Hey, Baldie!

  • I just realized that I can’t remember the last time I saw a film in a theater that wasn’t a superhero film, a Star Wars/Trek film, a James Bond film, or a Harry Potter film.  Maybe it was “Ready Player One”.  I decry all the superhero films and sequalism, and the audiences who won’t risk watching anything new, but it looks like I’m contributing to the problem.  Then again, I hardly ever encounter any marketing for other films.
  • Looking for a reason to keep my CBS All Access membership now that season 2 of Star Trek: Discovery has finished, I watched the first two episodes of Instinct.  They never used the words “consulting detective”, but it is clearly intended to be a knock-off of Elementary.  I wasn’t impressed, and the writing is the problem.  They try to fit too much into a single episode.  The character arc of one episode would take Elementary a half or even a whole season to savor.  Also, Alan Cumming’s character is very lighthearted, nearly a clown (to a large extent, that is Alan Cumming).  He plays across from Bojana Novakovic, whose character barely has any personality by comparison.  It all comes together to make Instinct feel like it has no depth.  A cheap cardboard cut-out of Elementary.
  • Speaking of Elementary, CBS claims they are about to air season 7, yet it appears that season 6 was never made available on CBS All Access.  Perhaps “CBS Some Access” would be a better name for their streaming service.  Season 6 is available on Hulu, so I watched it there.  I have cancelled CBS All Access, until another season of Discovery comes out.
  • I read Gingerbread.  Substantial portions of it are written in the present tense, which generally irritates me.  Relating a story as if it has happened should be done in the past tense.  The only form of fiction that present tense is good for is netsex.  This is the third book written this way that my SFF book club has sprung on me.  Carefully looking ahead, two of the next three books are that way, also.  I have decided to boycott them.  I pushed through Gingerbread, but now I’m done putting up with this.  Is this a new trend in publishing?  Or are the people running the book club following some bias that leads them to these?  (They’ve also been picking many books that are speculative fiction, but aren’t SFF — like this one.)  I almost didn’t go to the book club meeting for this book, because I didn’t think I wanted to talk about it, but it turned out to be a pretty good discussion, so I’m glad I went.

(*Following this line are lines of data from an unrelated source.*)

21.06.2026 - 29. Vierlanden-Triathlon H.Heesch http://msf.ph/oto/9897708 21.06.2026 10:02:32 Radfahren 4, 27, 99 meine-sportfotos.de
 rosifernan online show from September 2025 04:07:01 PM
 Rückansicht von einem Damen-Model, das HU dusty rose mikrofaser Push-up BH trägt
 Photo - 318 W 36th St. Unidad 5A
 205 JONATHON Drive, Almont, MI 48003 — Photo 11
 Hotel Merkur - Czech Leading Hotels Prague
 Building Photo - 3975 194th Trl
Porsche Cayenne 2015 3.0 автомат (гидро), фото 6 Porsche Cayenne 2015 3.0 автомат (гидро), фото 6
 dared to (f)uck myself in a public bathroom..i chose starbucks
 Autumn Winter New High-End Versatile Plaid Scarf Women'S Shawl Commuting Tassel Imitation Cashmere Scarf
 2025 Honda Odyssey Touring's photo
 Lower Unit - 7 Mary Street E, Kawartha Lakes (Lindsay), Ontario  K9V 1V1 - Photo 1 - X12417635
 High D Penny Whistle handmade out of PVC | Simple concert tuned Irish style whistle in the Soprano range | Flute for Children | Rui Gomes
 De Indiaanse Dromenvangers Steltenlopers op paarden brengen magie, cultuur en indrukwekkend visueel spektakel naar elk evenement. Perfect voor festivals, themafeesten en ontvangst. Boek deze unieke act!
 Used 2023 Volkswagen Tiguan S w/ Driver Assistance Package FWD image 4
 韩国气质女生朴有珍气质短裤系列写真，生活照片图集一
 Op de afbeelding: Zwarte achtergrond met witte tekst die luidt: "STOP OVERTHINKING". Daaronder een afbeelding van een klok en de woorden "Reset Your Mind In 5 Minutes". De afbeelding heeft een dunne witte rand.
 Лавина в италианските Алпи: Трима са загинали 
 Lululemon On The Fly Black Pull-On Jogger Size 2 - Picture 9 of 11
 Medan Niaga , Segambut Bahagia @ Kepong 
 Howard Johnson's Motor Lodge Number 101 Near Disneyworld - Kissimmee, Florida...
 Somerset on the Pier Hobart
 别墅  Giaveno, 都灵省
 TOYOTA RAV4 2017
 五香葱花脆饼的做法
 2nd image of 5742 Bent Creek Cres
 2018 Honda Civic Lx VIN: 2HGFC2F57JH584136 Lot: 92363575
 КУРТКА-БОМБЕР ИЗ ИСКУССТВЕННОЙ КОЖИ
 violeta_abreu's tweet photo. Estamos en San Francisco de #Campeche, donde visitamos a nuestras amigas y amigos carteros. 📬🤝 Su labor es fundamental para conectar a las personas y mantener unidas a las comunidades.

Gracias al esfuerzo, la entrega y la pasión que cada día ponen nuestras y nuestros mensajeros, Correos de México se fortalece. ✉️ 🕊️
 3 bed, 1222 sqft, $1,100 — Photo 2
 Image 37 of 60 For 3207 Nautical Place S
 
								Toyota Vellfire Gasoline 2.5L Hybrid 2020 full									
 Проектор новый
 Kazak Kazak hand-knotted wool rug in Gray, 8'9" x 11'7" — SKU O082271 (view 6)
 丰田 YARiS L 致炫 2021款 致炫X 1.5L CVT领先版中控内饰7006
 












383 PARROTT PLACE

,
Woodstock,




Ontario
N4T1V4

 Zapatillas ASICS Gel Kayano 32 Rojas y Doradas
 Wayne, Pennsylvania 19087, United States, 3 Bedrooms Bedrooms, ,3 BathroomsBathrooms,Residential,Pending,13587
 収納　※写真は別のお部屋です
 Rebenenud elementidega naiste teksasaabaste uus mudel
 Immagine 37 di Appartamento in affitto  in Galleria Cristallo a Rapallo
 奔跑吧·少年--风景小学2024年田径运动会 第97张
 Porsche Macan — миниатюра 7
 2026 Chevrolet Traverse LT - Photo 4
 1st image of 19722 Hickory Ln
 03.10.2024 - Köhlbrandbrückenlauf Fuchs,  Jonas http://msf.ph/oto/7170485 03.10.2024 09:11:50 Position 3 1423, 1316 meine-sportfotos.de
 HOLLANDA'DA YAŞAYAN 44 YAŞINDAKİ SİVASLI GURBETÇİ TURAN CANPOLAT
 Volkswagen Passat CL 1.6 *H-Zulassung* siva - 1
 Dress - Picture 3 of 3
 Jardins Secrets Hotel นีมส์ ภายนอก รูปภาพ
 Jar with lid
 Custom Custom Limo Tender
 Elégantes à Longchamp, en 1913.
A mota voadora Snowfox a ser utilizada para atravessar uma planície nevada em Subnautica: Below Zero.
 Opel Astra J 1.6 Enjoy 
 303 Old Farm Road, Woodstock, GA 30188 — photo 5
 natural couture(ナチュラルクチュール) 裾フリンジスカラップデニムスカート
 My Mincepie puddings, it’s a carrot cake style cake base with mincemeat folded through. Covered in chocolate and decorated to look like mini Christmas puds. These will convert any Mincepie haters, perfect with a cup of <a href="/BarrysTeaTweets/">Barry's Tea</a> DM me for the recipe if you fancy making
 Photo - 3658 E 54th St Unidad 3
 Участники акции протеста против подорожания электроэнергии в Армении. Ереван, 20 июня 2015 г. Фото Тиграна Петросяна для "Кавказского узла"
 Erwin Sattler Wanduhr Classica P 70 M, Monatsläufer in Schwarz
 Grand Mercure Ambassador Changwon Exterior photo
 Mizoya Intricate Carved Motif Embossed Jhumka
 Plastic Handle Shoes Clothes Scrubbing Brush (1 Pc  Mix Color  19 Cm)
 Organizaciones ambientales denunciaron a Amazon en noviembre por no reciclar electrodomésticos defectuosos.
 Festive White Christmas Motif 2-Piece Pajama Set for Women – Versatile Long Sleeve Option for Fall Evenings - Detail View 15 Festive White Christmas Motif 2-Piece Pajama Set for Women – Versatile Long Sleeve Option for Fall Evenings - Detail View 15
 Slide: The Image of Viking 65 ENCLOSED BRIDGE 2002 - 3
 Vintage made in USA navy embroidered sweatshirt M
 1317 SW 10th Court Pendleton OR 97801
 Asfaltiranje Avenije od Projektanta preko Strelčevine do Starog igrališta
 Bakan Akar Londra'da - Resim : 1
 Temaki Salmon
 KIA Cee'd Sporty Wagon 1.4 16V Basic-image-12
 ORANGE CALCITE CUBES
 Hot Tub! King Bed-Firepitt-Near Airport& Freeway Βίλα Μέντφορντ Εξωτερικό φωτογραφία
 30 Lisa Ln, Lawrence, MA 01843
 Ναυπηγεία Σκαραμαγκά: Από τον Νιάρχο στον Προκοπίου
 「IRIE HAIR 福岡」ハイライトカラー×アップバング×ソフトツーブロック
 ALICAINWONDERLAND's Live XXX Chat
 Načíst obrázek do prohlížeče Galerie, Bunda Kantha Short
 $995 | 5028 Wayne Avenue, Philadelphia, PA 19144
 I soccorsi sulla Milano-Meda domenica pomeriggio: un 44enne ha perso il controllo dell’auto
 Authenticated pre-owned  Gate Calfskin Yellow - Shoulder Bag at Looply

  • I shaved my head.  I had been planning to for decades.  My father’s bald spot finally caught up with me.  Of all the places to lose your hair, that spot at the back of your head is the only one that seems ugly and degrading to me (probably because that’s where my father lost his hair).  I told myself I wasn’t going to do vain things like a toupee or even surgical hair replacement.  Instead, I’ve always planned to shave my head when it came time.  Well, it came time.  I was a little worried that I would have an oddly shaped head, in which case I would be disappointed by the result, but that did not turn out to be.  My scalp is quite pale now where I used to have hair — but not where my bald spot was.  I’m still trying to get the hang of shaving my head.
  • The monitor I have connected to my work laptop died.  (At a highly inconvenient moment, but when is that sort of thing ever convenient?)  It was an el cheapo Acer monitor that was at least six years old, so not terribly tragic.  I looked on Micro Center’s web site for the cheapest thing, which turned out to be another Acer monitor for $75, and then I went to go get it.  Luckily, they had a demo unit hooked up, because wow was it awful, mainly because it was super washed out, with the blacks nothing like black at all.  I’m not using this monitor for photos or anything, just the usual office plus system administration type tasks, but it was so bad that I knew it would grate on my nerves every time I looked at it.  I started looking at the other inexpensive monitors in the story, and I ended buying a $100 LG monitor that is actually quite good.  Evidently, IPS has become completely affordable.  It looks much nicer than the one I had before, and I don’t mind paying a little extra, because I’ll be looking at this display for several hours each day.